[Available data]:
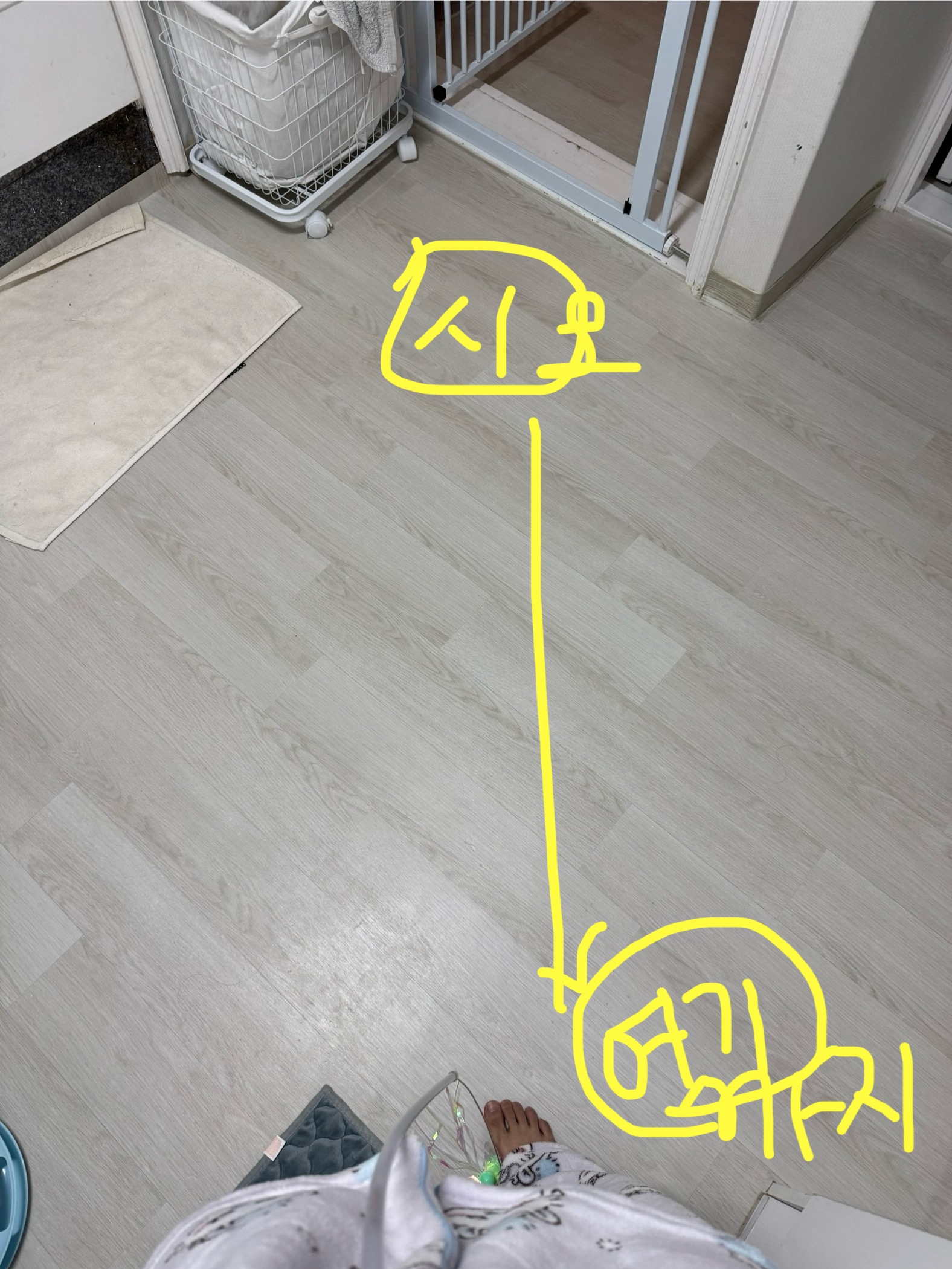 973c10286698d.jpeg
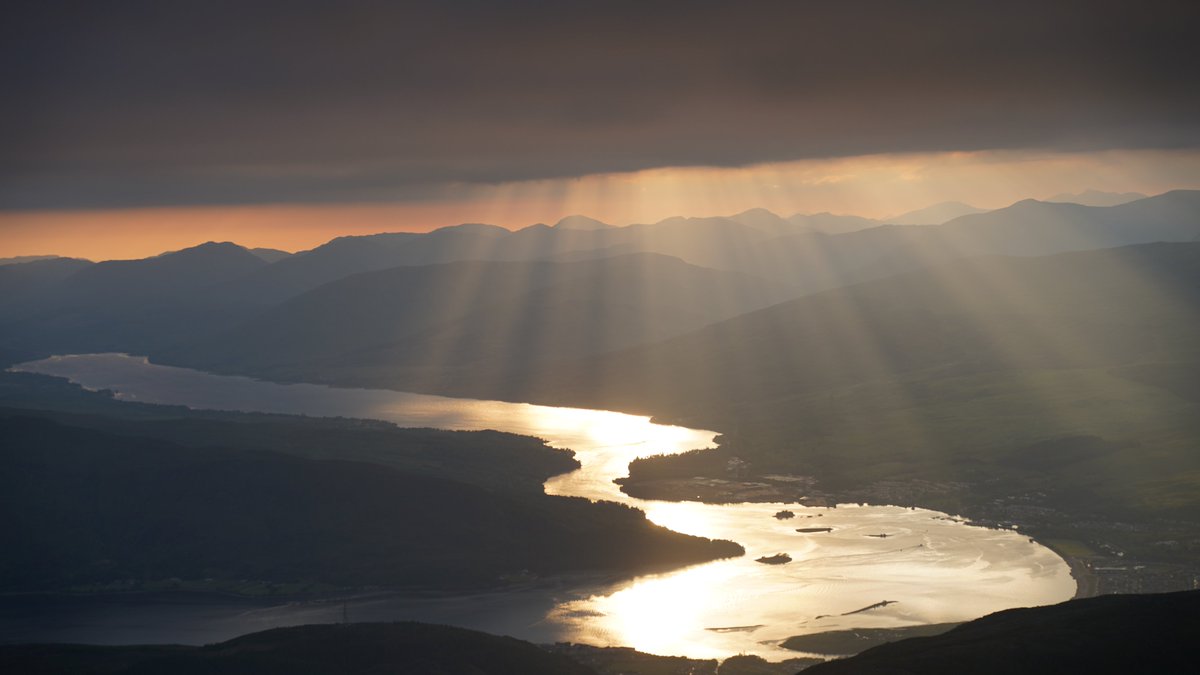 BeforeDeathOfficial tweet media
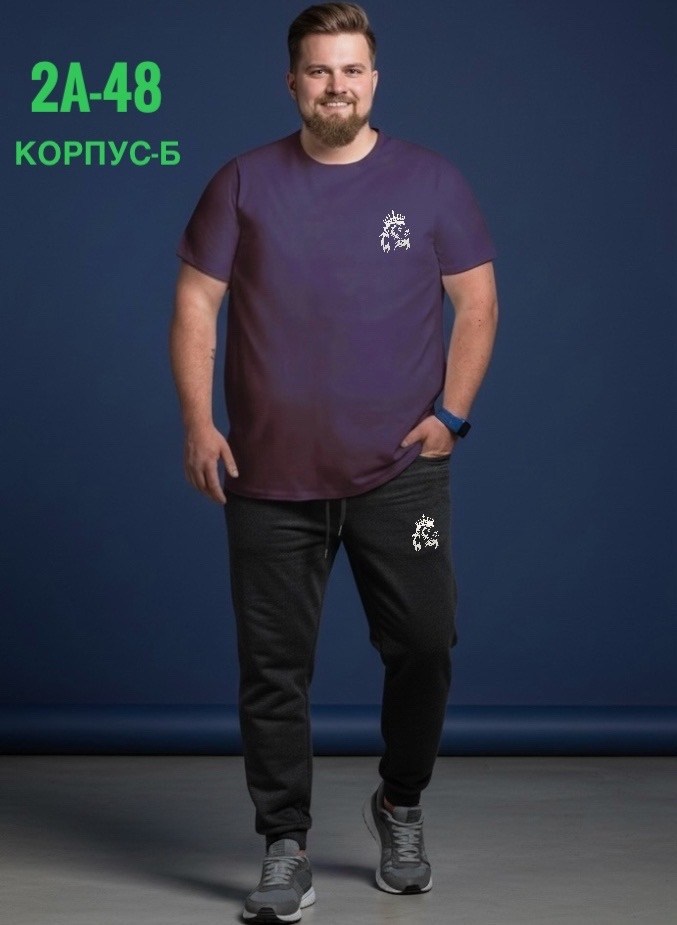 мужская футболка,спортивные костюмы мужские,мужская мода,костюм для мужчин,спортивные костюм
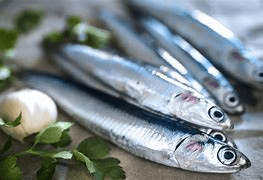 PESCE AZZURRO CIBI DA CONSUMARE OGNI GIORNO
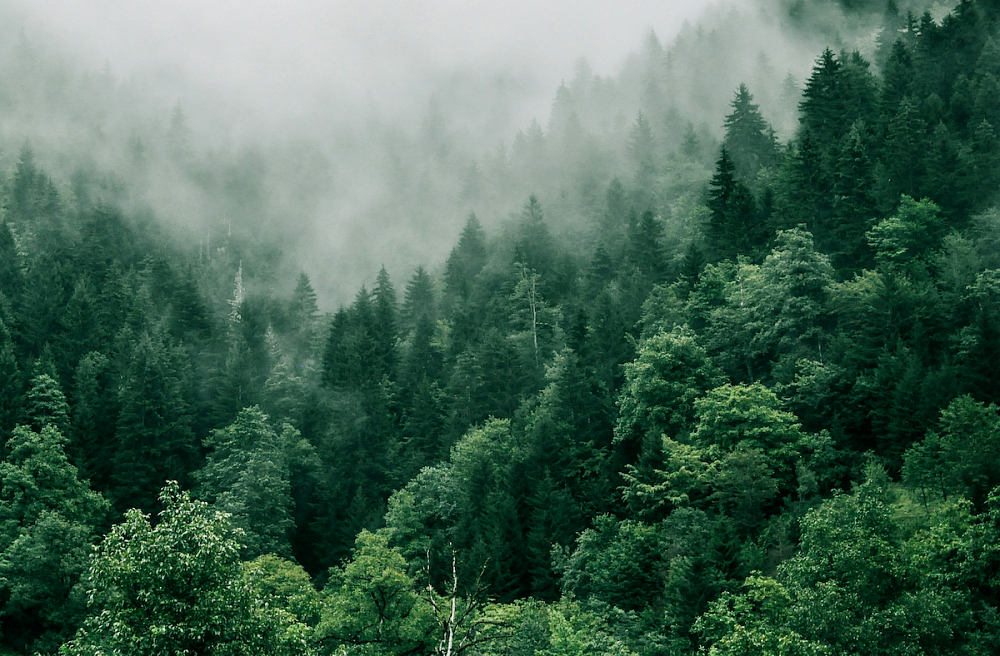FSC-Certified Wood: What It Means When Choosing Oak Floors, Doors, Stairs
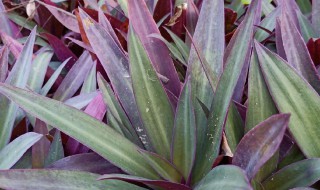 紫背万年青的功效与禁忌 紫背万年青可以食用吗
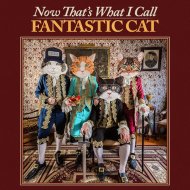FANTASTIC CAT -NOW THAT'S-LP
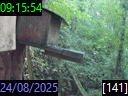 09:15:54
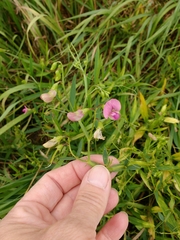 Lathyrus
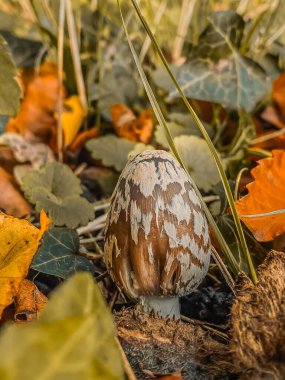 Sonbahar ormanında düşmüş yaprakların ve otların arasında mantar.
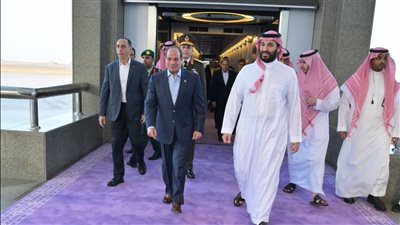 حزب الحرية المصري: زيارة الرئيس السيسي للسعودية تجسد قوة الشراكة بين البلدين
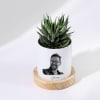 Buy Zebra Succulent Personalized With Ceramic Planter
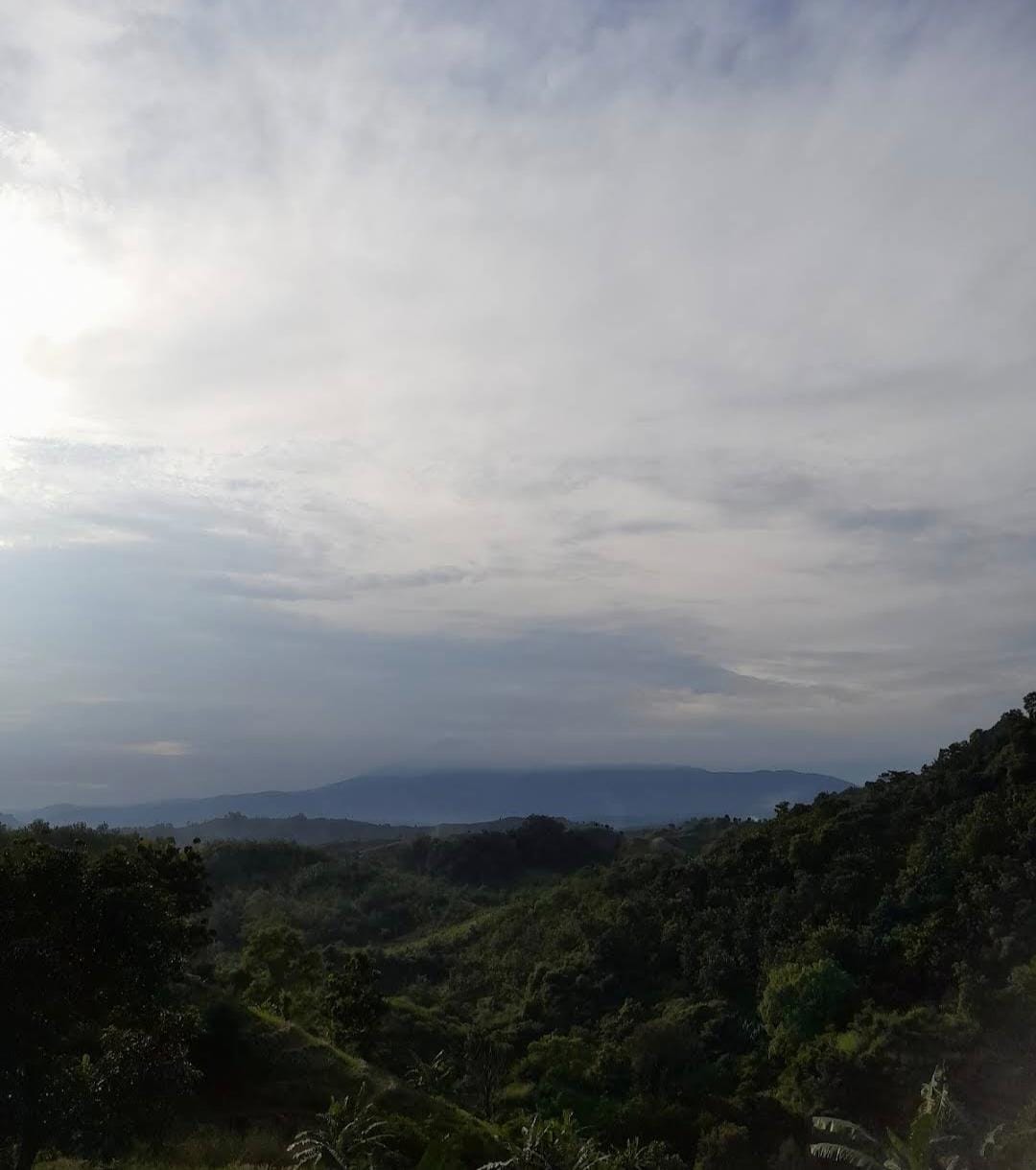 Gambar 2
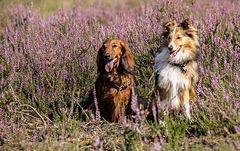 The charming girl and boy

[What you are asked to do]:
Every record, from top to bottom, gets written out exactly; no picture goes into the copy.

[The completed task]:
 973c10286698d.jpeg
 BeforeDeathOfficial tweet media
 мужская футболка,спортивные костюмы мужские,мужская мода,костюм для мужчин,спортивные костюм
 PESCE AZZURRO CIBI DA CONSUMARE OGNI GIORNO
FSC-Certified Wood: What It Means When Choosing Oak Floors, Doors, Stairs
 紫背万年青的功效与禁忌 紫背万年青可以食用吗
FANTASTIC CAT -NOW THAT'S-LP
 09:15:54
 Lathyrus
 Sonbahar ormanında düşmüş yaprakların ve otların arasında mantar.
 حزب الحرية المصري: زيارة الرئيس السيسي للسعودية تجسد قوة الشراكة بين البلدين
 Buy Zebra Succulent Personalized With Ceramic Planter
 Gambar 2
 The charming girl and boy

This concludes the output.